I'm having a dry spell myself. The crush of this past school year. The end-of -the -year burn. I feel like I just want to lie in a hammock. So what about my students? How would I know if they really don't have anything to write about?

I say things like "write that you don't have anything to write about." Not original. Pliny the Younger said as much. Most of the time they are just not trying, right? Or just out of practice.

Could that be with all the practice of Twittering and texting and updating their status? Have they worn themselves out? Have we asked for so much writing they are tapped dry?

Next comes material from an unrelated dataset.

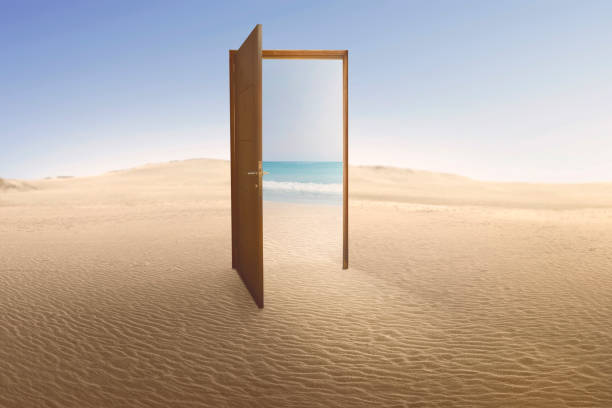 istock Open door with access to the beach from desert 819574298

At any rate and back to my own dearth, I recall Franklin's charge: "Either write things worth reading or do things worth writing about." This summer I am headed on a Fulbright-Hays Group Project Abroad to do research on West African Culture in Africa.

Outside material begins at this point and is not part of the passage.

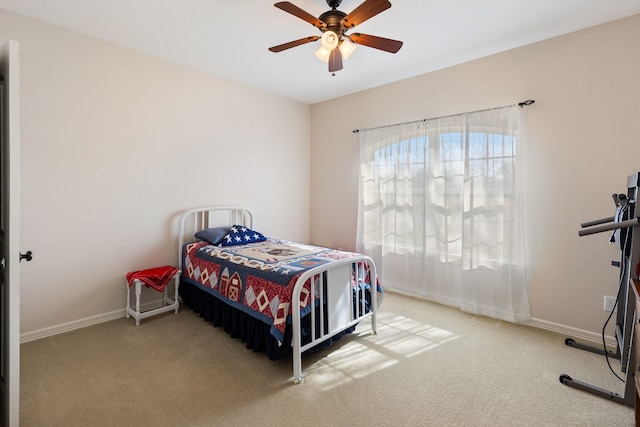 carpeted bedroom with ceiling fan and baseboards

And it's the rainy season!


Image credit: "'Dry' Season Road." By hoyasmeg. 19 Feb. 2009. Flickr. Used by permission of Creative Commons License: BY.

Wednesday, June 10, 2009

Information Highway: Country Roads, Take Me Home

For a short time I moved to Texas in the late 1980s. It was after the crash of the oil boom that preceded it. I lived in a suburban townhouse plan that had an exit of I-30 specifically built for the suburban sprawl right before the economic downturn; thus, the exit became specific to a few plans and a four-lane highway that went about four blocks in each direction before the black and white fence and sign reading "End of Expressway."

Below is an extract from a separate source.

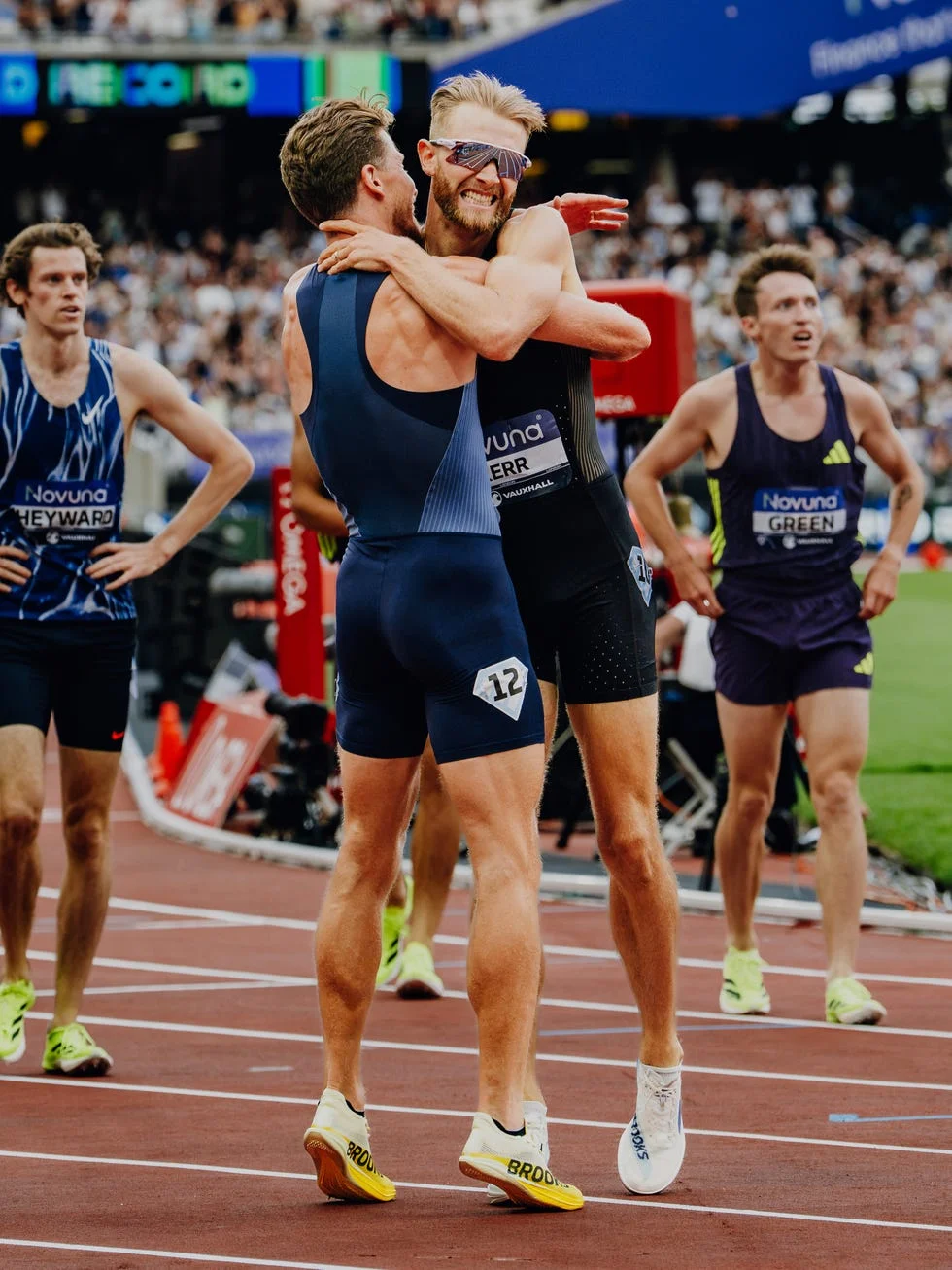Two athletes embrace joyfully after a race, with other runners in the background.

I am reminded of that roadway as I contemplate the information highway. As a teacher I often jump on the Internet to gain or refresh about topics in the curriculum. (What did teachers do before the Internet?) We can find websites, webquests, and lesson plans at our fingertips. Yet I was reminded such how fast and short those journeys can be when, after reviewing a few websites on a poet's work that I was reviewing for class, I consulted the hard copy leatherbound set of Encycolpaedia Britannica in my home library.
Was I reading about the same poet? Britannica led me into three and a half pages of fine print that gave so much breadth and depth on the subject that it almost seemed like a different biography altogether. I laughed. How many times during student research projects had I led my class to the literary criticism shelves of the nonfiction section and feigned amazement: "Lo! What have we here? Books, whole chapters--indeed whole books--on books!" (Seldom is my enthusiasm shared by my students--ah, but sometimes those "country roads of knowledge" are found serviceable by the earnest learner.)
As I pored over the Britannica entry and added to my lecture notes I enjoyed the scenery of one of those country roads, catching so much more than the information highway typically affords.
This month Microsoft curtails its Encarta program, stating:
People today seek and consume information in considerably different ways than in years past. As part of Microsoft’s goal to deliver the most effective and engaging resources for today’s consumer, it has made the decision to exit the Encarta business.
Is this a surrender to Wikipedia? I wonder . . . and worry.

Perhaps Encarta is off-mission for Microsoft in the long-term and I shouldn't fret. Still to loose an accessible, popular, and reliable reference tool is sad. Do we need to fear Britannica will follow suit, giving way to Wikipedia? Don't take this the wrong way: I myself love Wikipedia for a fast drive across contemporary knowledge and items not worth a encyclopedia's consideration, but when I want to get to know a subject in some depth I turn to a more established road. Wikipedia might get me there, but it's rather like asking a passerby for directions. In reaching my destination, if I don't suffer wrong turns, I still might not realize where I am along the way.